Happy Fourth of July!

He was a Yankee Doodle Dandy

I saw the film “Yankee Doodle Dandy” on TV close to 30 times when I was a child. Loved it, and in particular loved the idea that James Cagney (whom I already knew as a tough old gangster from other movies) could dance. His dancing fascinated me because it was so non-balletic and idiosyncratic—the strutting, graceful/ungraceful, artful/artless uniqueness of his movement:

Cagney wasn’t just an actor and hoofer, although he certainly was both. He was also a political conservative and changer. Here are some excerpts from his Wiki page:

He was sickly as a young child—so much so that his mother feared he would die before he could be baptized. He later attributed his sickness to the poverty his family had to endure…

Cagney believed in hard work, later stating, “It was good for me. I feel sorry for the kid who has too cushy a time of it. Suddenly he has to come face-to-face with the realities of life without any mama or papa to do his thinking for him.”

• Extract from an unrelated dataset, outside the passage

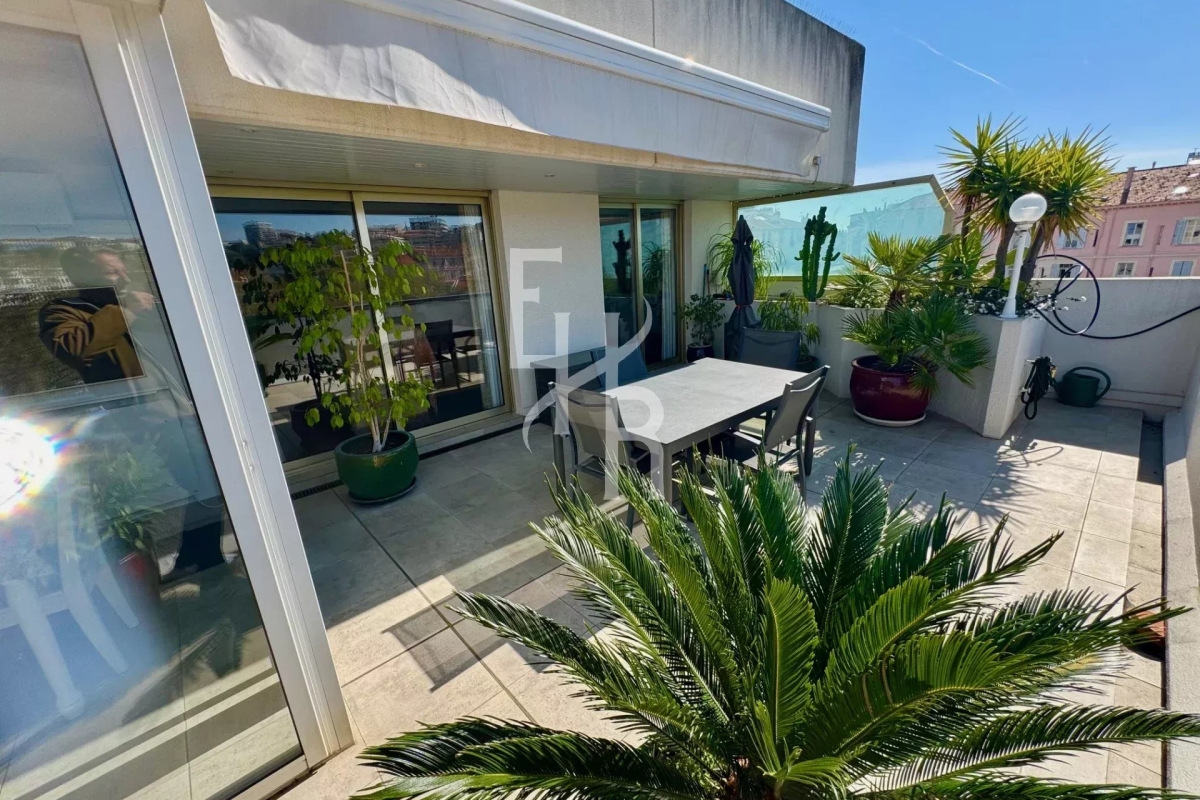 Luxury Apartment for sale in Cannes, 1 100 000 €, Photo 4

He started tap dancing as a boy…and was nicknamed “Cellar-Door Cagney” after his habit of dancing on slanted cellar doors. He was a good street fighter, defending his older brother Harry, a medical student, when necessary…

In his autobiography, Cagney said that as a young man, he had no political views, since he was more concerned with where the next meal was coming from. However the emerging labor movement of the twenties and thirties soon forced him to take sides…He…became involved in a “liberal group…with a leftist slant,” along with Ronald Reagan. However, when he and Reagan saw the direction the group was heading in, they resigned on the same night…

Cagney was accused of being a communist sympathizer in 1934, and again in 1940…Cagney was cleared…

After [WWII], Cagney’s politics started to change. He had worked on Democrat Franklin D. Roosevelt’s presidential campaigns…However, by the time of the 1948 election, he had become disillusioned…By 1980, Cagney was contributing financially to the Republican Party, supporting his friend Ronald Reagan’s bid for the presidency…As he got older, he became more and more conservative, referring to himself in his autobiography as “arch-conservative.” He regarded his move away from liberal politics as “…a totally natural reaction once I began to see undisciplined elements in our country stimulating a breakdown of our system”…

Cagney: hoofer, political changer. An original all the way.

Happy Fourth to you all!

[Neo-neocon is a writer with degrees in law and family therapy, who blogs at neo-neocon.]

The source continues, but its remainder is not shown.